A year or so later, I discovered Jacquie Gering and Katie Pedersen's fantastic book Quilting Modern: techniques and projects for improvisational quilts and my quilts were becoming more modern in design.  And I thought these lovely fabrics would make great wonky log cabins.  

Quilting Modern: techniques and projects for improvisational quilts (Gering & Pedersen)

The wonky log cabin is ‘built’ the same way as a traditional log cabin block, but you start with a four-sided piece with four different angles.   And just go from there, adding the 'logs' each time with wonky angles.  I put these blocks together quite quickly, and really enjoyed the experimentation and freedom of designing as I went.

To piece it together I chose two fabrics from Kaffe Fasset's shot cotton range, and made a couple of two tone cabins and assembled the offset the cabins with a larger, assemetrical border.

And I made the obligatory pieced back with the leftover fabrics.                                                                                           

And then I matchstick quilted it on my domestic sewing machine.  Reader, understand.
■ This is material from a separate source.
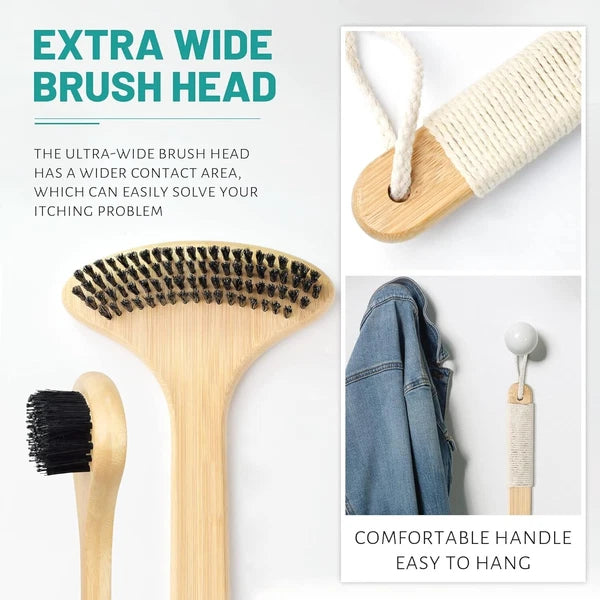 Curved 22” Bamboo Back Scratcher with Comfortable Grip for Full Body Relief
This quilt is a beast of epic proportions, about 2m x 2m, and I thought the best plan of attack would be to stitch quarter inch lines across the whole thing.  


Anyway, in the end it looked like this:

See?  So big it doesn't even fit on the clothesline.

As a long-time quilt maker, first-time quilt competition entrant, I submitted my beloved quilt in for judging to the Royal Melbourne Show craft competition with much trepidation. Imagine my surprise (and delight) when I found out it won first place in its category (machine pieced, machine quilted).

Started out like any other quilt, ended up quite unlike any quilt I'd made before.